| Task |
Below is a listing. Return the lines from the one that contains "9179 SE Riverfront #F Jupiter, FL 33469" to the one that contains "7290 Kinghurst Drive", both ends included, verbatim and with no pictures.
*** Supplied entries ***
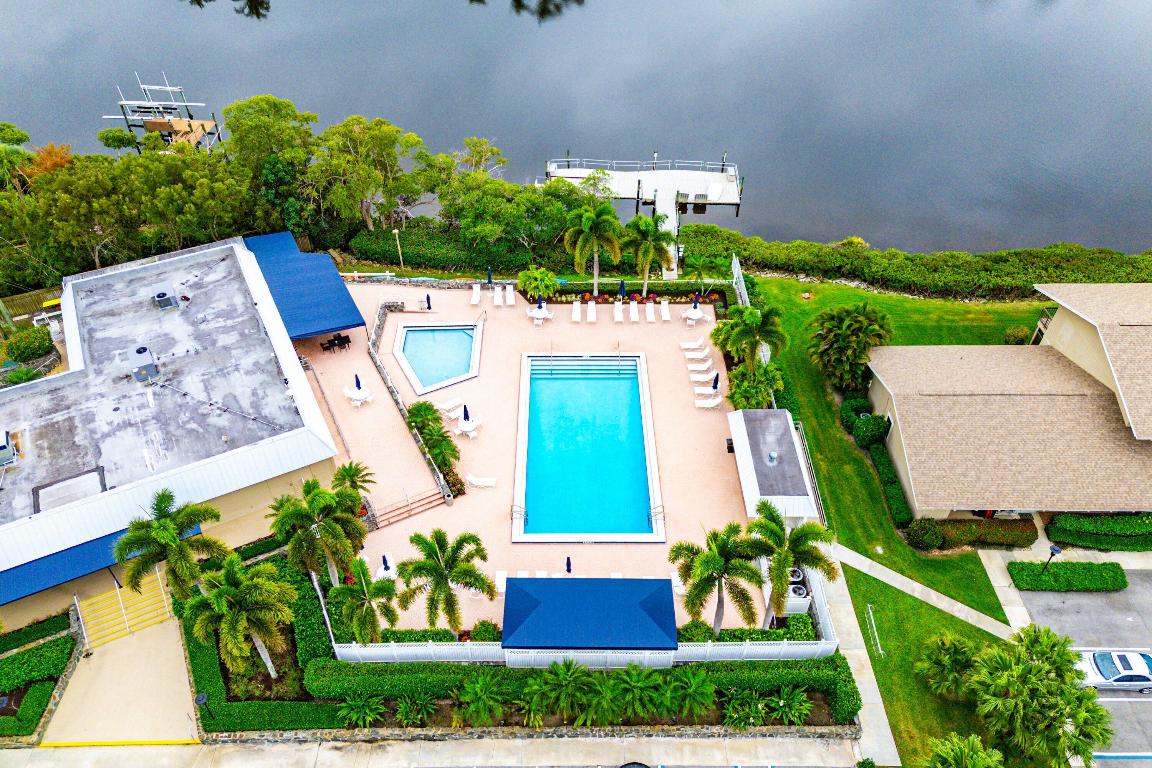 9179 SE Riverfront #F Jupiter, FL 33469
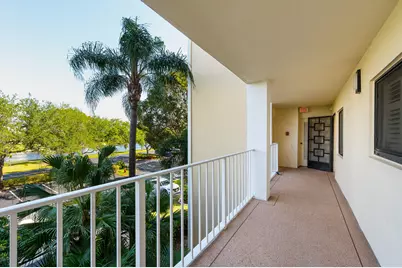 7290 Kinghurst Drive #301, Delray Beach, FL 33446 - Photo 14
*** End of Supplied entries ***
*** Supplied entries ***
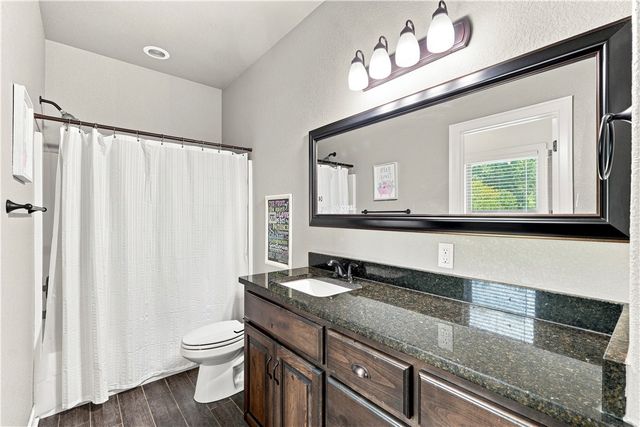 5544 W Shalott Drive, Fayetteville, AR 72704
*** End of Supplied entries ***
| Written solution |
 9179 SE Riverfront #F Jupiter, FL 33469
 7290 Kinghurst Drive #301, Delray Beach, FL 33446 - Photo 14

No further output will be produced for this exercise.